If I knew any common sense at all, I think I would say that sensitive information you don't want people to get a hold of, such as this..should simply not be on a portable device, such as a flash drive. Lets stick with keeping that info in a storage/server room shall we?
[citation][nom]jedimasterben[/nom]That would only work, chickenhoagie, if that data didn't need to be accessed from somewhere else not on that network.And on a semi-unrelated not, I have that EXACT same flash drive![/citation]
A better PHI company should use an removeable drive encryption software that doesn't let the computer users copy any files to a CD or USB stick without encrypting them. I have such software werer I work.
I would also have an issue with someone even needing to copy any PHI to a USB stick to begin with.
Another school of thought, is if you let them do it (copy data for remote access) then should you suspend them if it get's lost. I mean he was hardly doing it to sell on the black market, most likely knowing the underpaid NHS, he wanted to work from home. If you invest in a globally accessible site with good security (dongles perhaps) that does not easily allow you to transfer the records locally then they wouldn't have this problem, instead of going heavy-handed on what was probably a very hard-working doctor.
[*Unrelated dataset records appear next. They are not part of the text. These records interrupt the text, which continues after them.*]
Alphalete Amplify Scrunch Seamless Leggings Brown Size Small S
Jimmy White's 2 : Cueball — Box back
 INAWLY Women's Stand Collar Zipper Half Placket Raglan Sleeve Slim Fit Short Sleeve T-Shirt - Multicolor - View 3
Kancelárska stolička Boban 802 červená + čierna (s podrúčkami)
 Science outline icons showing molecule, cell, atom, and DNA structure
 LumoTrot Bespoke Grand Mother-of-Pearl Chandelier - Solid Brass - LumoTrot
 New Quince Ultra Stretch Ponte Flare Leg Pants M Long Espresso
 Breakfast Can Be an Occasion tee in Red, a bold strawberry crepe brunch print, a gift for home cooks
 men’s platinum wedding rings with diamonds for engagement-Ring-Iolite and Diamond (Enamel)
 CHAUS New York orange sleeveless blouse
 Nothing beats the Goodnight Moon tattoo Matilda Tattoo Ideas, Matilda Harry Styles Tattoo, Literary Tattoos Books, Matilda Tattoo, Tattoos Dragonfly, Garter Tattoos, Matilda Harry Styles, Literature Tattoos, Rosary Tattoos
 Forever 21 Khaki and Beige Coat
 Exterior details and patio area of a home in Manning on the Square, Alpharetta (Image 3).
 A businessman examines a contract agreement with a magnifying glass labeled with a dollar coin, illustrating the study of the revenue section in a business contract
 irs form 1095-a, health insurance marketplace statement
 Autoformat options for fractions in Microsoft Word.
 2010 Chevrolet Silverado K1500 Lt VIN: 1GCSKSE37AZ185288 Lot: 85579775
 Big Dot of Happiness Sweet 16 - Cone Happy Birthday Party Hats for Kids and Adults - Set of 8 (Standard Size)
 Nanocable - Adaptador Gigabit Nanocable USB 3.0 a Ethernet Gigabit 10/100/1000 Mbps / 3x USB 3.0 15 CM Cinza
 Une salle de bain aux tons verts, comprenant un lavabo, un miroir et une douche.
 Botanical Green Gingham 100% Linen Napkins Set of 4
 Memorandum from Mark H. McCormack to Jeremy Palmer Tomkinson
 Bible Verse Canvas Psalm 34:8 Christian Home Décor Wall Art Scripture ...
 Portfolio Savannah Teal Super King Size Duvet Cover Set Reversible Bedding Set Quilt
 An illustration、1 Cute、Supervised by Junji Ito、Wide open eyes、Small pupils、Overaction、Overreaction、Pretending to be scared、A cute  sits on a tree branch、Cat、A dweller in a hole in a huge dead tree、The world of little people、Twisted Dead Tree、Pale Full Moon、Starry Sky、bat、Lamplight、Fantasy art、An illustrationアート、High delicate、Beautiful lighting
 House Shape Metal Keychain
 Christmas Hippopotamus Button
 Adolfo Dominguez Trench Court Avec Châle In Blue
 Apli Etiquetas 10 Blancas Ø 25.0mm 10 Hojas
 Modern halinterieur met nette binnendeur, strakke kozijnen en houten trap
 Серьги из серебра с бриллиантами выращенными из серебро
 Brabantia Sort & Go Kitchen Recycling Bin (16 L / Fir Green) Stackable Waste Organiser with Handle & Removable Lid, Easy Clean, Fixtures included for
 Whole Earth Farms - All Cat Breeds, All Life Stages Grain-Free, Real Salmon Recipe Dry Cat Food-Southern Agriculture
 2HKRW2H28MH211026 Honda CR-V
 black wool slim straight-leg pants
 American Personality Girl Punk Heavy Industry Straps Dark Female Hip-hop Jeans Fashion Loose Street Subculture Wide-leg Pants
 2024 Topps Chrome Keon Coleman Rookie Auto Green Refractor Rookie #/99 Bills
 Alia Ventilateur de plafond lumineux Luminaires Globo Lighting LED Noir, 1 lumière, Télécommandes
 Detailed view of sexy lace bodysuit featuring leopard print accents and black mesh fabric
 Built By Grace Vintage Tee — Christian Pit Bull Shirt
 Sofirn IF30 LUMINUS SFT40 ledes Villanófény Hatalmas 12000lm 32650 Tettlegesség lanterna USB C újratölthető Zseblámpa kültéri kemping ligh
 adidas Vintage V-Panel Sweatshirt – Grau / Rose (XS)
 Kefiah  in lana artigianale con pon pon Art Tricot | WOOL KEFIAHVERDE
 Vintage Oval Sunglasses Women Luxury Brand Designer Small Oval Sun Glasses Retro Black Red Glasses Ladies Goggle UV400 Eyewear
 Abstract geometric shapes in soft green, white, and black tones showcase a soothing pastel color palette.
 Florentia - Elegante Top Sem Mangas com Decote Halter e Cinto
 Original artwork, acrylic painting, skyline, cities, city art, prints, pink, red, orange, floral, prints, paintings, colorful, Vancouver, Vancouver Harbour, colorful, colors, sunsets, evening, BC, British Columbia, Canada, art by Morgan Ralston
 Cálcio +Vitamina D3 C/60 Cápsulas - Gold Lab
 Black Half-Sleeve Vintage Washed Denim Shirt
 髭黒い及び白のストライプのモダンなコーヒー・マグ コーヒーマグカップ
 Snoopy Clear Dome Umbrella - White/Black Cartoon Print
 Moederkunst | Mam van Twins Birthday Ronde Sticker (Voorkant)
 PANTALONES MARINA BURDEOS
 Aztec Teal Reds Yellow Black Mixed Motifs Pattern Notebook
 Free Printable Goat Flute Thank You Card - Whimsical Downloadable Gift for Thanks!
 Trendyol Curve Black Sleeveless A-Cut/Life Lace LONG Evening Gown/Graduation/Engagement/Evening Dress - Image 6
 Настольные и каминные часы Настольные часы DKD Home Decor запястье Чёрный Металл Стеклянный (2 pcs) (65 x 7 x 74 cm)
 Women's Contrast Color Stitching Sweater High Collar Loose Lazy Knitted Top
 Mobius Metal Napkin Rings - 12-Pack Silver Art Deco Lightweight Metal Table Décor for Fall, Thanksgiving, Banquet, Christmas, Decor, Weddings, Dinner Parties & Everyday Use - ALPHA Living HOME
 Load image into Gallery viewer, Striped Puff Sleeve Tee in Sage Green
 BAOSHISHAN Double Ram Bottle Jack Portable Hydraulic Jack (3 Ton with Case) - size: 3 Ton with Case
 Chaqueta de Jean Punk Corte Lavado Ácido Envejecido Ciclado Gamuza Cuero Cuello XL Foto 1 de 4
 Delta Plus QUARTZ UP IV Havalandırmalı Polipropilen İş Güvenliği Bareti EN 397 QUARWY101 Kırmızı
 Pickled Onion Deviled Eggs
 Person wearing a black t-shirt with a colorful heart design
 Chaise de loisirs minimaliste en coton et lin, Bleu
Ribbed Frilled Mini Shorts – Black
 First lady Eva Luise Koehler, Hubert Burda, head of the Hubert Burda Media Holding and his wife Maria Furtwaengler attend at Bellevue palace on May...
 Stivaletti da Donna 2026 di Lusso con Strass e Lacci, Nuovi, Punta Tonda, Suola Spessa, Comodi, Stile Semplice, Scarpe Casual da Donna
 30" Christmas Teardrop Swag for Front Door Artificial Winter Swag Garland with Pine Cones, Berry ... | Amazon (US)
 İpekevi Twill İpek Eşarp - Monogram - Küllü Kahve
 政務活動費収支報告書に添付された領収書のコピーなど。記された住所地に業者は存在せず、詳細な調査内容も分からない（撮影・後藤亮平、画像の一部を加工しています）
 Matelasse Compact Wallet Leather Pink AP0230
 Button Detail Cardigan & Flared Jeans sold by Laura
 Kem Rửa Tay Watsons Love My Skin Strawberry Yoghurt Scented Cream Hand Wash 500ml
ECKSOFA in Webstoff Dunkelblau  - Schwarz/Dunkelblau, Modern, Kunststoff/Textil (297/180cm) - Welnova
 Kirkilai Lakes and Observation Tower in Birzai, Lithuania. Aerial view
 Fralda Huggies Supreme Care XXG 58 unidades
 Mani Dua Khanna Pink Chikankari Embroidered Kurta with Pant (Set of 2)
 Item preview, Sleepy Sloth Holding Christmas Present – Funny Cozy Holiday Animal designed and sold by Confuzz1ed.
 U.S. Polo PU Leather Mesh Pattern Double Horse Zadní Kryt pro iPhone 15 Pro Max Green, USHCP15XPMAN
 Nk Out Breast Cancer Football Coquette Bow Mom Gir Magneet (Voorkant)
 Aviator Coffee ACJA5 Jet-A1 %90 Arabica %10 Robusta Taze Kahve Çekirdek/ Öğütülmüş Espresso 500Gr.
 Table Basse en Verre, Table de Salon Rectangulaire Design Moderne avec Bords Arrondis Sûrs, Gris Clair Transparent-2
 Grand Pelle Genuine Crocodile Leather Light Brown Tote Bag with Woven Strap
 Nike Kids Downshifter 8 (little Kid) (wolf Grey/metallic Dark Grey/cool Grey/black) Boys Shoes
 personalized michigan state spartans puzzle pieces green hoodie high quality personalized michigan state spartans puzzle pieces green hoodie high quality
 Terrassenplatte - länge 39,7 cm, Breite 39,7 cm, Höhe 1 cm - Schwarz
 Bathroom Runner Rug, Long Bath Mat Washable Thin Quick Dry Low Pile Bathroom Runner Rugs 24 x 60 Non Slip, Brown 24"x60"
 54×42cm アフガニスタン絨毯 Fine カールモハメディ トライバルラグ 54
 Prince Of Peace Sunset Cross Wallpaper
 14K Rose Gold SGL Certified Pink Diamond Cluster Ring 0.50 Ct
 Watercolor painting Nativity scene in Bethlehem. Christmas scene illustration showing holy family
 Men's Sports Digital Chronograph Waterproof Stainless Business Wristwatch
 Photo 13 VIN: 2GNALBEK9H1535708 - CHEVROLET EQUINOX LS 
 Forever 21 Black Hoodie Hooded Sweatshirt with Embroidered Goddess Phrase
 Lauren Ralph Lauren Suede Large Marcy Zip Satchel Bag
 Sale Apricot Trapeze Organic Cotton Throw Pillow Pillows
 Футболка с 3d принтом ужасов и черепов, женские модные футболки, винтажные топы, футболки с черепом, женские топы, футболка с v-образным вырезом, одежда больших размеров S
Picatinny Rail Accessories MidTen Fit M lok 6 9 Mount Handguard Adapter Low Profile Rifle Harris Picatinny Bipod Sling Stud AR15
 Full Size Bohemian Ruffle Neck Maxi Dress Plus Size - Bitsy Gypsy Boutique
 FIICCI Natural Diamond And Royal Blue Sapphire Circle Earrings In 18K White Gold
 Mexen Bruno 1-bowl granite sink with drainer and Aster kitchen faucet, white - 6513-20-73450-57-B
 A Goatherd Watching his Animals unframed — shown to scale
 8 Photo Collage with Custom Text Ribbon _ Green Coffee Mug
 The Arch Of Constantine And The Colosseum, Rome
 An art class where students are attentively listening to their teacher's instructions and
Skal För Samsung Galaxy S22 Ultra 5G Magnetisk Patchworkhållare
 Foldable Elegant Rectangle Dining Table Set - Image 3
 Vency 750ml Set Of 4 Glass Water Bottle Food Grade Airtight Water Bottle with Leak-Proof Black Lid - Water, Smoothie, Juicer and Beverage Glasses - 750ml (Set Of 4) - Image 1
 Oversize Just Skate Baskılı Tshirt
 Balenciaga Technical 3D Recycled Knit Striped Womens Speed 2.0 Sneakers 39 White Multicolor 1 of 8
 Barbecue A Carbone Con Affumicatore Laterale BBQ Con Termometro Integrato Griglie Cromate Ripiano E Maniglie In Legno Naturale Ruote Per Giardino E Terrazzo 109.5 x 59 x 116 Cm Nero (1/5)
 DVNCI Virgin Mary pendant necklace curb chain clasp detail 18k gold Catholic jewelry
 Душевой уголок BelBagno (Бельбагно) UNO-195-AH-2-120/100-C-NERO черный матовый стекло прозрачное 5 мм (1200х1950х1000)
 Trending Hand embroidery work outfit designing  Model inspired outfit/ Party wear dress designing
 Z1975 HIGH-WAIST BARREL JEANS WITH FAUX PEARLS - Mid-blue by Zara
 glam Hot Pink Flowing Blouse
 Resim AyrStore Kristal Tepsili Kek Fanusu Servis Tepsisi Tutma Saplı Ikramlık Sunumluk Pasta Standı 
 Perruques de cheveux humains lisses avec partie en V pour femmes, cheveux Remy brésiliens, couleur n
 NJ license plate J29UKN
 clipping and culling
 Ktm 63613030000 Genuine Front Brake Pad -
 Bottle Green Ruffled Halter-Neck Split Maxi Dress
I don't know the reason for copying staff information or patient information on a USB stick. That should be confidential and only available to people who already have access to the network and that data should not be allowed to leave the facility.
There is never a reason that an employee of a medical facility would ever need to take a patients records out of that facility. If records are being transferred to another care provider, there are already procedures in place for that.
No, there is simply no excuse for this information to ever be on a thumb drive, or for that matter, anyone's computer. It should be on a centralized storage server, and access should only be through secured remote terminals or terminal software (i.e. secured SQL server with Access front end, and only accessible on-site).
The amount of personal information that gets lost on laptops, thumb drives, etc.. is just disgusting.